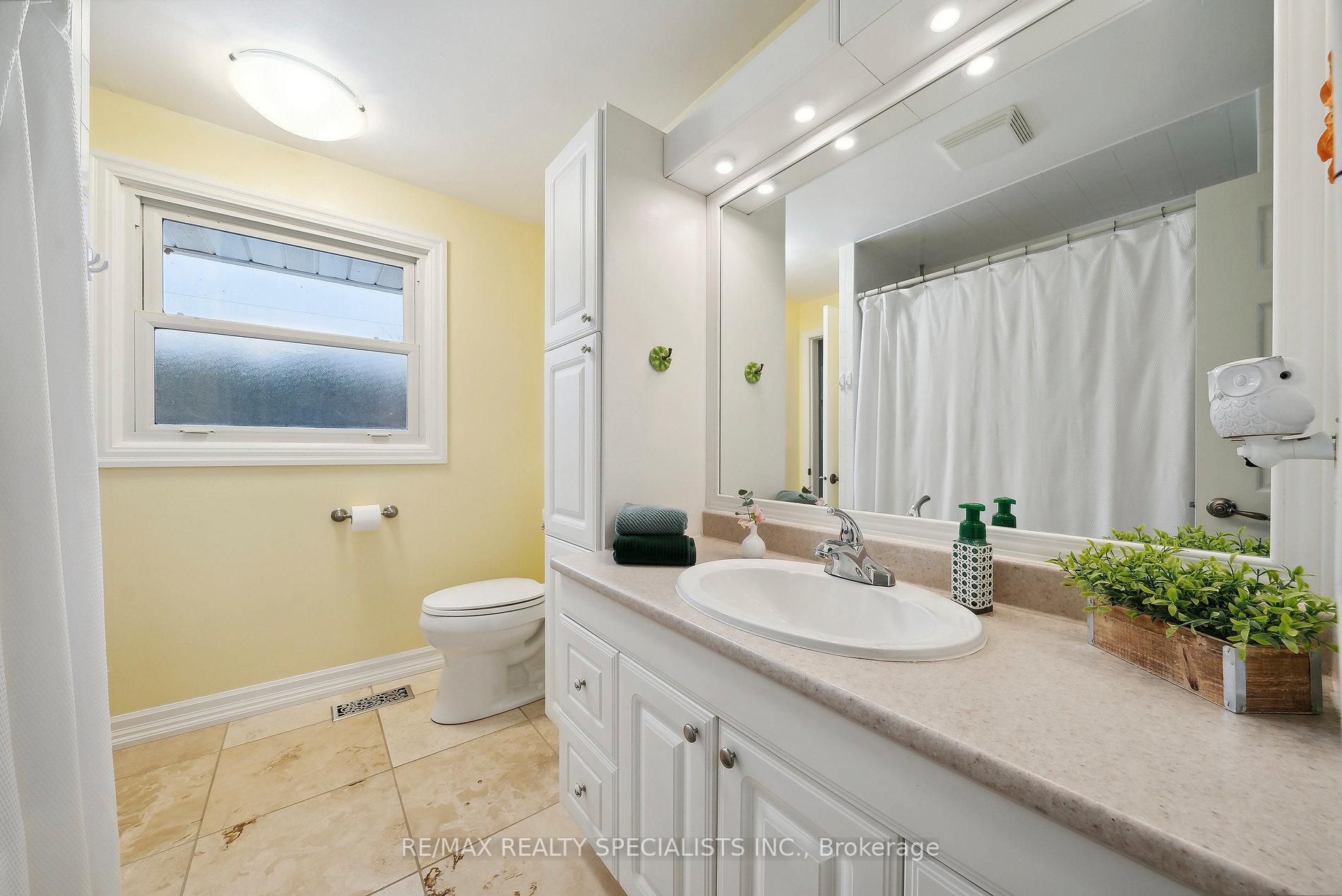 Photo 18 of 5102 Meadowhill Road, Burlington, Appleby — HOMEH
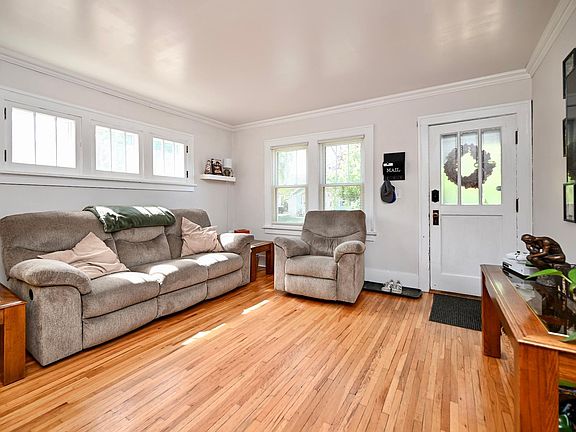 3rd image of 1090 Marian St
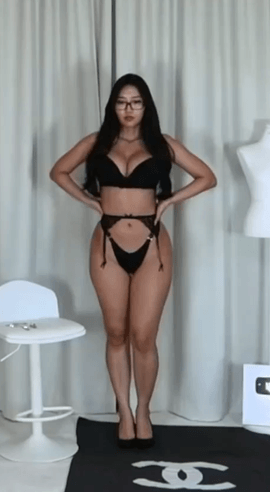 （视频）韩国卡戴珊ssunbiki诱惑换装秀[6V/2.8G]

• **WORK TO COMPLETE**: Working from the listing above, retype it exactly but include no images.

• **EXERCISE SOLUTION**:
 Photo 18 of 5102 Meadowhill Road, Burlington, Appleby — HOMEH
 3rd image of 1090 Marian St
 （视频）韩国卡戴珊ssunbiki诱惑换装秀[6V/2.8G]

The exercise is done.